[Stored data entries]

[Start of section]

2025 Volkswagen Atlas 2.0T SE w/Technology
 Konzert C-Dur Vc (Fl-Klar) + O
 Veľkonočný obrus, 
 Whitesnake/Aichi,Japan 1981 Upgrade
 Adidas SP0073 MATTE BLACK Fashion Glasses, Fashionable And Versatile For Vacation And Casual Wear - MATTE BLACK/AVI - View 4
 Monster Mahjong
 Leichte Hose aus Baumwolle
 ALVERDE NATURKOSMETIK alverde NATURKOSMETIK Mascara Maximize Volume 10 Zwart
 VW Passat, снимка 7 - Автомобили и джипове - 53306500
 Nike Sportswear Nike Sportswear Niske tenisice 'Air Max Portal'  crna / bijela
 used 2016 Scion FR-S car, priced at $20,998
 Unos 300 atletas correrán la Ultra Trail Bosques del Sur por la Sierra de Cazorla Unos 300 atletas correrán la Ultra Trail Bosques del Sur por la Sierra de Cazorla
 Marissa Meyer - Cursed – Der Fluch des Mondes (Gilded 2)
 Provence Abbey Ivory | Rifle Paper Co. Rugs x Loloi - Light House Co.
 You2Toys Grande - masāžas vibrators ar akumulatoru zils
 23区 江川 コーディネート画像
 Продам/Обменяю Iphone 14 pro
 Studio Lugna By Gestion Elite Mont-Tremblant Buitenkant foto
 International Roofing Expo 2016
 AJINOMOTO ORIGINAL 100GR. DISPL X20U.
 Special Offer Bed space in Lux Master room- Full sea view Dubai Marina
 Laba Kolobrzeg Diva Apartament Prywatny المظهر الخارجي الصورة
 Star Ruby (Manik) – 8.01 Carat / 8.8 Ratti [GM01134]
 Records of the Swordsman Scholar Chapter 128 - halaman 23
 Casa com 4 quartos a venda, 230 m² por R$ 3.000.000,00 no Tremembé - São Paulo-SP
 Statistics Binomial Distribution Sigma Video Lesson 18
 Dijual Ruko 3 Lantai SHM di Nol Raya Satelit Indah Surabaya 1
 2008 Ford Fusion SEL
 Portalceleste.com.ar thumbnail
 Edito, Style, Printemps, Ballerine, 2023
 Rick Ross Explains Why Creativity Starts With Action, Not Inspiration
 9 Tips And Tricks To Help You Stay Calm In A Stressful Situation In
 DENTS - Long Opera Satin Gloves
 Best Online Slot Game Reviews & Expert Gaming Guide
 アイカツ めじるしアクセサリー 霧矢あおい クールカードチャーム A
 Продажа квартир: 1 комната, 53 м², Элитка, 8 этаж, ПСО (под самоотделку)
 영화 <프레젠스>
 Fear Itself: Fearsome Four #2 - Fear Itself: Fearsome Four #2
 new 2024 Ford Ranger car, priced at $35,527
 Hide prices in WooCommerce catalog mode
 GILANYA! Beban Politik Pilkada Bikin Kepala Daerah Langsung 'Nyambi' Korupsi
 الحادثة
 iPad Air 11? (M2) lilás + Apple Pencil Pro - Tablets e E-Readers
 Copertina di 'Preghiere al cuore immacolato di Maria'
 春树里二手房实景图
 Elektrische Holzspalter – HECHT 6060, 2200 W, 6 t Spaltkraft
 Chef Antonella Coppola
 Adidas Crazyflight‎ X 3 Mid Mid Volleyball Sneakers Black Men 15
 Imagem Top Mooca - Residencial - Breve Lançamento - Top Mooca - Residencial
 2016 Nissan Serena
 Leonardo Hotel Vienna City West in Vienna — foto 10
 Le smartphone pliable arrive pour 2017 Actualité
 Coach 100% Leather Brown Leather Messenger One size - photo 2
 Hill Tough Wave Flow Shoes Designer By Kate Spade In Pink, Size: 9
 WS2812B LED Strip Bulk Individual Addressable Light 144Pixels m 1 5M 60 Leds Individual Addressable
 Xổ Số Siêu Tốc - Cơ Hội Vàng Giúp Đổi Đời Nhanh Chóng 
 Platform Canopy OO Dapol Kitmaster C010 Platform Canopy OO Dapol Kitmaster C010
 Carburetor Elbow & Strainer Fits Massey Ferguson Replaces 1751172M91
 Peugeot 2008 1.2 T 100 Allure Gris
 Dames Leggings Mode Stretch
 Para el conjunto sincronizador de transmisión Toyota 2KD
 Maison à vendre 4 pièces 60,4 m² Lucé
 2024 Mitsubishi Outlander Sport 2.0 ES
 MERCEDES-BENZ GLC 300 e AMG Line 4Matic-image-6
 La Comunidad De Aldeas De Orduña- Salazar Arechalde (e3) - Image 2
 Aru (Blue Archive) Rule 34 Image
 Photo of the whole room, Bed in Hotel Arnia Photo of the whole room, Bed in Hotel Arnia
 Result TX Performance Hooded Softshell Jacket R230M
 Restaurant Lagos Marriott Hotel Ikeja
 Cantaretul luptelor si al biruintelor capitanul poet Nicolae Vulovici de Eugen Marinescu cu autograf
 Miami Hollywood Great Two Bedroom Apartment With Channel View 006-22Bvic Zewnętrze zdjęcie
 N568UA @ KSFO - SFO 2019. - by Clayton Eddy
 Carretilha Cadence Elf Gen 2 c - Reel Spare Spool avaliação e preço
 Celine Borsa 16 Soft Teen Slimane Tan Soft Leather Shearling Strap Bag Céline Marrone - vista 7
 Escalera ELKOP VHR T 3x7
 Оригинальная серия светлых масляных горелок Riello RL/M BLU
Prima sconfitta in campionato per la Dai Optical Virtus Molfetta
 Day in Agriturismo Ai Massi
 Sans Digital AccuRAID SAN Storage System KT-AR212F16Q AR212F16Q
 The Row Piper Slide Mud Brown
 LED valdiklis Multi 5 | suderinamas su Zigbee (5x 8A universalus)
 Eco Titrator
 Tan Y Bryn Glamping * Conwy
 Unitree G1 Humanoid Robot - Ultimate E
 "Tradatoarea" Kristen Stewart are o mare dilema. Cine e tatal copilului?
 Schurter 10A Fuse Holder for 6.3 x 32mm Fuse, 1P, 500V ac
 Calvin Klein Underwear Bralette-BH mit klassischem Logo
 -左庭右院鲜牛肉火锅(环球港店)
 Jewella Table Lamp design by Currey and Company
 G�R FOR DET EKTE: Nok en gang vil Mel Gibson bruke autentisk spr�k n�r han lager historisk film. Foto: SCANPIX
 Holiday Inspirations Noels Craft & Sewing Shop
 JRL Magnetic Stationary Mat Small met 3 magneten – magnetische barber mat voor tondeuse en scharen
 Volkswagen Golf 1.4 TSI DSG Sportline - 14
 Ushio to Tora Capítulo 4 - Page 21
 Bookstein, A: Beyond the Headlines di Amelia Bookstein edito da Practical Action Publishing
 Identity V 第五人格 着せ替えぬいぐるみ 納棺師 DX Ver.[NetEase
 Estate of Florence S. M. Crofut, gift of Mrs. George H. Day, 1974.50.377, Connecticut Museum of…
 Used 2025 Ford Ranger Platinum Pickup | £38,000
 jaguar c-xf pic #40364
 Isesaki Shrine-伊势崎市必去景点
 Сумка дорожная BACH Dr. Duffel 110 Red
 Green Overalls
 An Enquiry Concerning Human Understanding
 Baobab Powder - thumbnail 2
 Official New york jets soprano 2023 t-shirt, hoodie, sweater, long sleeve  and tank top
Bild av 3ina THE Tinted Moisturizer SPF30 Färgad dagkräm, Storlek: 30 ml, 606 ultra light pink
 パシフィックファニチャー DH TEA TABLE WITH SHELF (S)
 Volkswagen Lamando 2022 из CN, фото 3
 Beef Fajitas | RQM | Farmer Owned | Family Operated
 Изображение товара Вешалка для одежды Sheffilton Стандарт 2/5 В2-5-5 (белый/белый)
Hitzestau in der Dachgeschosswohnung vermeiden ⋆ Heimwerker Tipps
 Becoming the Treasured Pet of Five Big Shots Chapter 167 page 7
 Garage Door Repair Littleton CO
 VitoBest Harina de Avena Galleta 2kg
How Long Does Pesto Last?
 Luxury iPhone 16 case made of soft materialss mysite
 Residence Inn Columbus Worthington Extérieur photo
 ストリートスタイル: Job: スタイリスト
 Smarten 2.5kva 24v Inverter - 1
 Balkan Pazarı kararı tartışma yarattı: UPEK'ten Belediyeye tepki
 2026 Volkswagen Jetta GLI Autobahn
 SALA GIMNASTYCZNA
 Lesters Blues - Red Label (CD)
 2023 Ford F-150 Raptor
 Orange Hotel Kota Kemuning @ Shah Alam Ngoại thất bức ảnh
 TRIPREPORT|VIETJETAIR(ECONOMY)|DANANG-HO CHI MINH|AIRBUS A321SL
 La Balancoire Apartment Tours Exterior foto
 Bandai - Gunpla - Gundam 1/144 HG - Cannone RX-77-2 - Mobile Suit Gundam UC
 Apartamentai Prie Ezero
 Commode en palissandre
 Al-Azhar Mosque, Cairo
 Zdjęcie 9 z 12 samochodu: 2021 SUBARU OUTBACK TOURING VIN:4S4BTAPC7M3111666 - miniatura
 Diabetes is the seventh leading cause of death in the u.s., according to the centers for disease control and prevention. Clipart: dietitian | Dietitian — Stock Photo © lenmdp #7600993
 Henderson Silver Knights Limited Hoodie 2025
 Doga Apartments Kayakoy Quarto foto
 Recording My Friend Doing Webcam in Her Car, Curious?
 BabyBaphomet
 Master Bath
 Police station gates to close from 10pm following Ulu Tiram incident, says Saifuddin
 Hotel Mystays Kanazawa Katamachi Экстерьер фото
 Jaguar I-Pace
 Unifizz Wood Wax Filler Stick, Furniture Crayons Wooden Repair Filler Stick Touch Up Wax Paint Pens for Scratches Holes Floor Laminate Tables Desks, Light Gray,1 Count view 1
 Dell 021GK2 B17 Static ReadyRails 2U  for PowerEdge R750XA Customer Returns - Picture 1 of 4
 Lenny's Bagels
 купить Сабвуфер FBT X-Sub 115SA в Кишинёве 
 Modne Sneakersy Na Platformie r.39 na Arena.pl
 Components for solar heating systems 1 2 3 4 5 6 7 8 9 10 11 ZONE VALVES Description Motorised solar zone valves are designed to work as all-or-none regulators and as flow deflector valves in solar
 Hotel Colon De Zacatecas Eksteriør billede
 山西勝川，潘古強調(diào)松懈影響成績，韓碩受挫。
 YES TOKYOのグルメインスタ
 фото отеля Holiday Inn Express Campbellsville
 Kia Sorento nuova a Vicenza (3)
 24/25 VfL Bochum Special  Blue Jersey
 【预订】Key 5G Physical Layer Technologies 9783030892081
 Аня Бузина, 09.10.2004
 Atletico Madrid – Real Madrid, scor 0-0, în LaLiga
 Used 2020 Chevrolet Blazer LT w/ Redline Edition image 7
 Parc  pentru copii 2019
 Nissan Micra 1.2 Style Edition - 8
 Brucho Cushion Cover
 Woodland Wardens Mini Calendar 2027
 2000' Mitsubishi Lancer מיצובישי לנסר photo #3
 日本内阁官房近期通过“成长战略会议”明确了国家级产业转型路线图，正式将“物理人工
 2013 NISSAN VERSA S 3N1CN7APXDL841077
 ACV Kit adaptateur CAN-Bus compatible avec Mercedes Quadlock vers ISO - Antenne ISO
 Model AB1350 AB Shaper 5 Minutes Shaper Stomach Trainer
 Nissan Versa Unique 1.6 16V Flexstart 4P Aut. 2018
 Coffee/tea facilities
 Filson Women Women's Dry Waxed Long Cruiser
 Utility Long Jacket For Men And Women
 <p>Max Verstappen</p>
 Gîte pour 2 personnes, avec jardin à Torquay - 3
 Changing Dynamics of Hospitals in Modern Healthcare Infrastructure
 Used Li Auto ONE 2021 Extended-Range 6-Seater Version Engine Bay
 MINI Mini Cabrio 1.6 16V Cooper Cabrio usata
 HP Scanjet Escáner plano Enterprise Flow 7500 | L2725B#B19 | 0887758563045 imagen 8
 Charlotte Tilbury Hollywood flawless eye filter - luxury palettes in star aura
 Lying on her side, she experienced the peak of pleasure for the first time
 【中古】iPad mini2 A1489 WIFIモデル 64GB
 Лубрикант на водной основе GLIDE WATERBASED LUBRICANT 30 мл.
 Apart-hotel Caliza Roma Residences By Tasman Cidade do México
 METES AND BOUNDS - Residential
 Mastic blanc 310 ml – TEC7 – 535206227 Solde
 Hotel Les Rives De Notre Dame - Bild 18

[End of section]

● **What the exercise asks**:
Copy range, inclusive: the line holding "<p>Max Verstappen</p>" to the line holding "MINI Mini Cabrio 1.6 16V Cooper Cabrio usata". Reproduce exactly those lines of the records above and no others.

● **Solution**:
 <p>Max Verstappen</p>
 Gîte pour 2 personnes, avec jardin à Torquay - 3
 Changing Dynamics of Hospitals in Modern Healthcare Infrastructure
 Used Li Auto ONE 2021 Extended-Range 6-Seater Version Engine Bay
 MINI Mini Cabrio 1.6 16V Cooper Cabrio usata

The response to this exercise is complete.